Sandwizz - the next jumperless breadboard

[ledtester]

What I gleaned from the video:

- you upload a Kicad schematic / netlist to the breadboard (via USB)
- via a terminal session the breadboard will tell you where to place components
- it can verify placement of components
- the breadboard can provide some components itself - like an op-amp, function generator
- you can stack other modules to the breadboard, e.g. an Arduino Nano module

Update: There's a 3 minute overview video here:

https://youtube.com/watch?v=h3WQmGasE6k

Also, the built-in components include: op-amps, PGAs, IDACs, VDACs, comparators, ADCs, AMuxs and 74-series logic
 (according to https://youtu.be/nU-0VqIi4SA?t=175 ).

Another feature is the ability to stream audio from your computer over the USB connection into your circuit.

[Sensorcat]

Breadboards are notorious for causing problems with parasitics inherent to the board design, so it would be essential to provide information on parasitics and the resulting frequency limitations. But similar to so many startups (solar roadways!), zero technical information at present. This is strange especially together with the claim 'professionals' do/will use it.

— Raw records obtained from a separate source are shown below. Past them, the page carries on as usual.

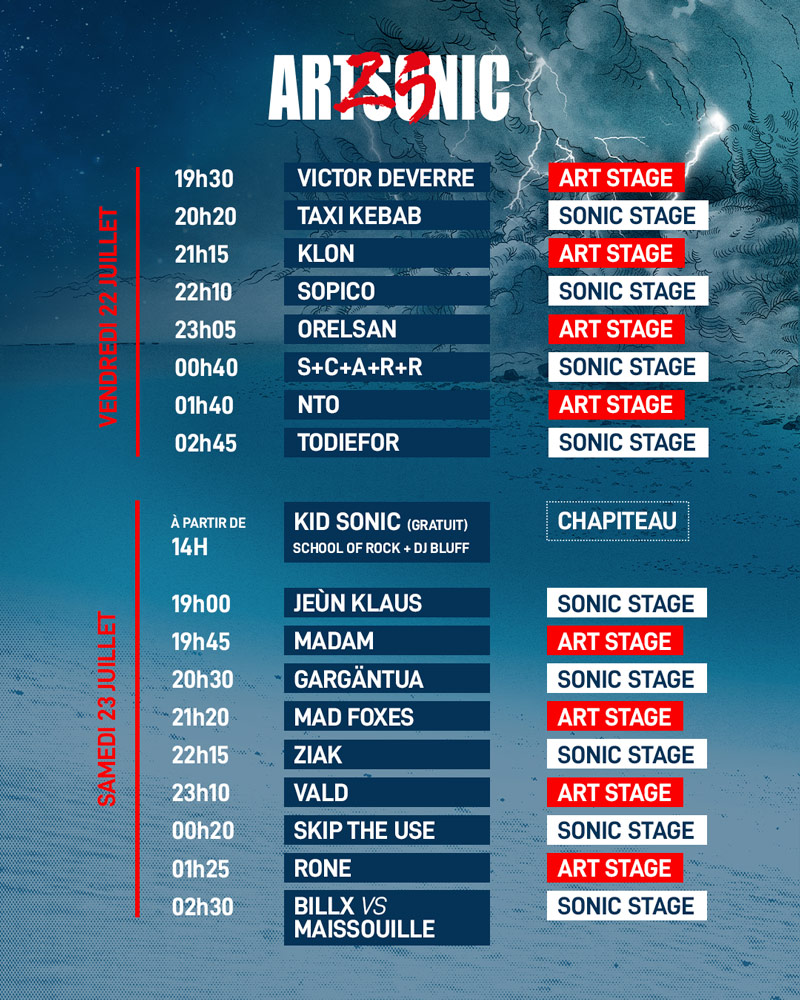 Téléchargez les horaires de passage des artistes Festival Art Sonic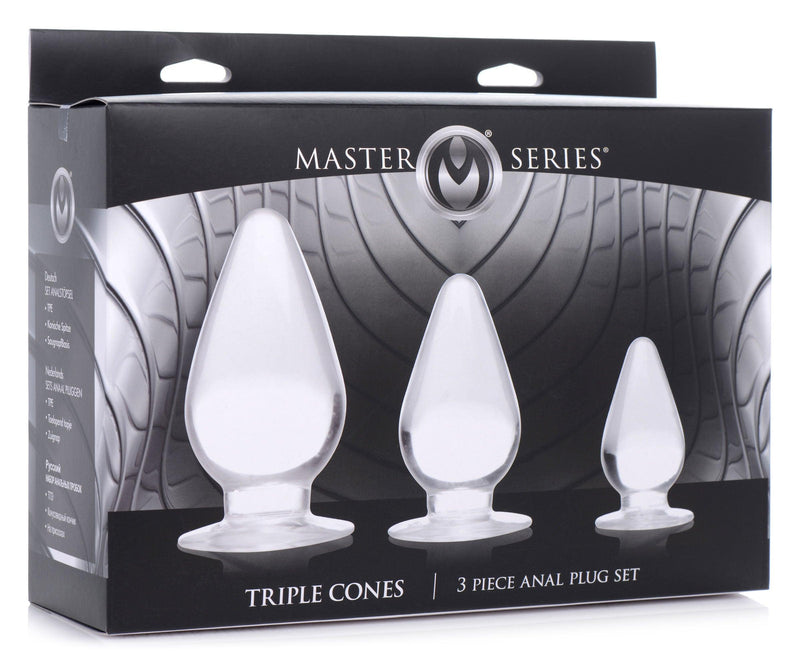 Triple Cones 3 Piece Anal Plug Set - Clear - The Dildo Hub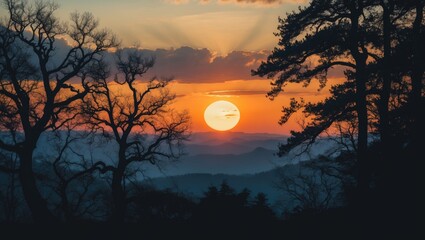 Paraphrased Title: "Astonishing and beautiful sunset over silhouettes. Stunning landscape scenery background wallpaper of sunset. Sunset Over Trees and Mountains with Dramatic Clouds."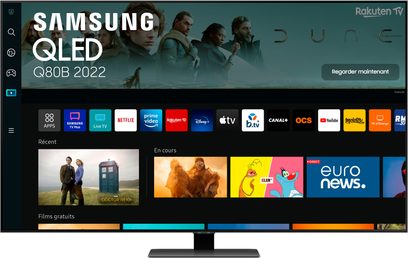 Samsung QLED Q80B 2022 TV, front view, screen on displaying a user interface with apps and programs running, slim frame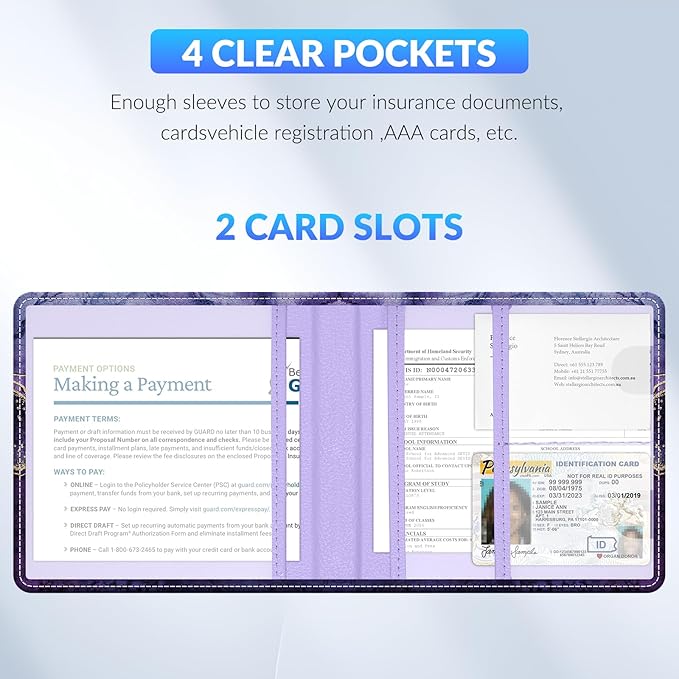 Pisypox Car Registration and Insurance Card Holder，Vehicle Glove Box Car Organizer，Accessories Case for Storing Driving Licences, Cards, Documents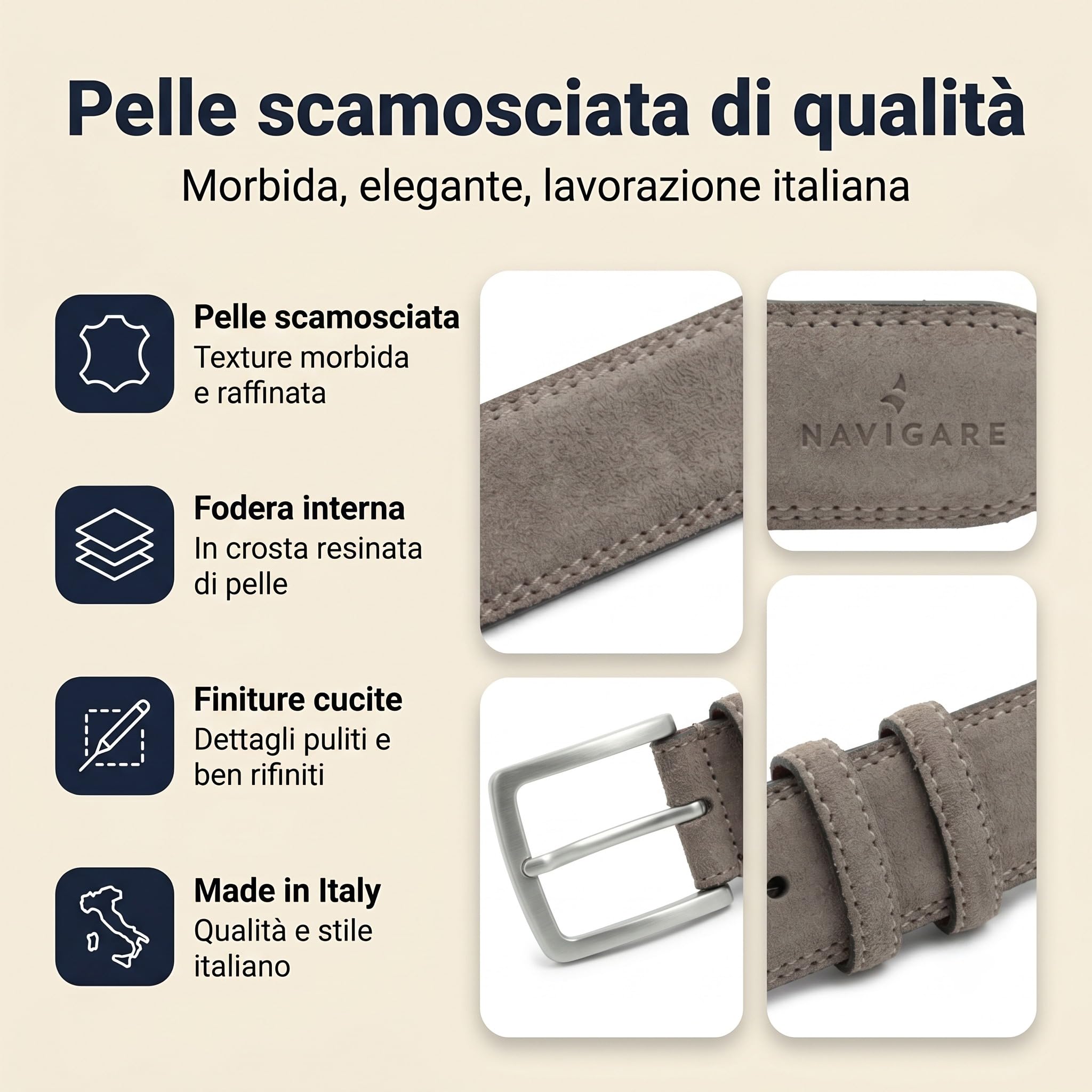 Navigare Eleganter Herrengürtel aus Wildleder, hergestellt in Italien, echtes Leder mit satinierter Dornschnalle, verstellbar und kürzbar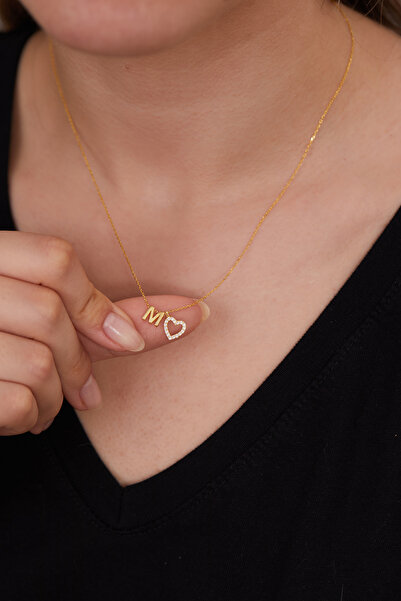 Elika Silver 925 Ayar Gümüş Zirkon Taşlı Kalp Model M Harfi Kolye ELKSLVR7756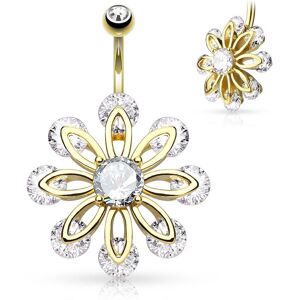 Piercing Street Piercing nombril fleur a 8 petales plaque or - Dore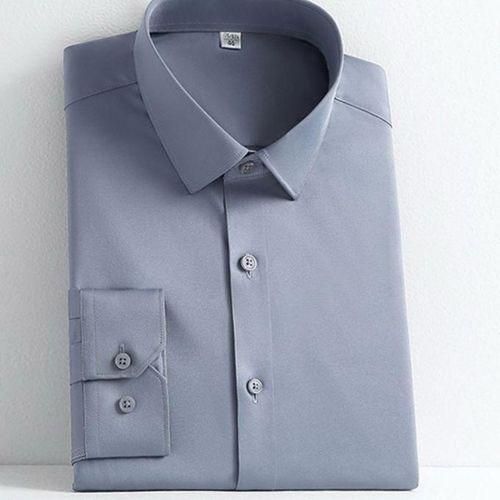 Turkey Style Official Mens Longsleeve Shirt Slim Fit 100Cotton-Grey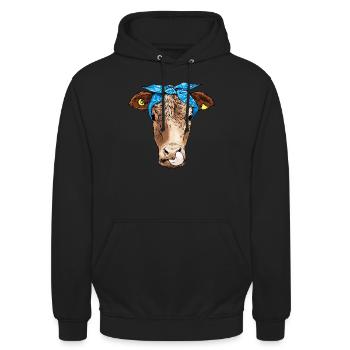 Hipster Kuh Tier - Unisex Hoodie - Schwarz - Vorne - Alina (178cm) & Michal (187cm)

As far as hobbyists are the target audience, my observation is that too much integration/automation means that people don't learn much and remain dependent. And when they hit the limitations of the product that becomes their world with respect to the hobby, it's over.

[mikeselectricstuff]

 

[SeanB]

Reminds me of the early electronic fault testing I had when in training. 3 hour test for finding 5 faults (yes they thought this could be difficult) and I sort of set an unofficial record by completing all 5 preset faults in 0.0minutes, as the software only counted in 6 second increments (decimal minutes), per fault, and the 8 relays in it could only realistically give you 8 faults, and you also had jumpers and test points, and could abuse the circuit to find those faults using a scope and multimeter, especially as we had a month to play around with it. Z80 based, and used RS422 serial to connect all the stations together on a 3 wire bus to a PC running the DOS based software. Yes did flip one over and removed the 4 screws, and did a quick reverse engineering to see that in most cases only 4 faults were possible per board that was plugged into the DB25 socket on the top panel.

[Benta]

Agree.

 +

[ledtester]

They announced that they'll be on Kickstarter starting June 4th:

https://www.microaware.com/sandwizz-on-kickstarter/

[MK14]

After watching some videos, and reading some stuff about this.  Especially the following video:


It seems, all they are doing is have a breadboard with perhaps around 60 separate 'columns' (interconnected sections of a breadboard).  Connect to an I/O line of a library card.  Which seems to be an Arduino, with each of its ports, connected to a separate column of the breadboard.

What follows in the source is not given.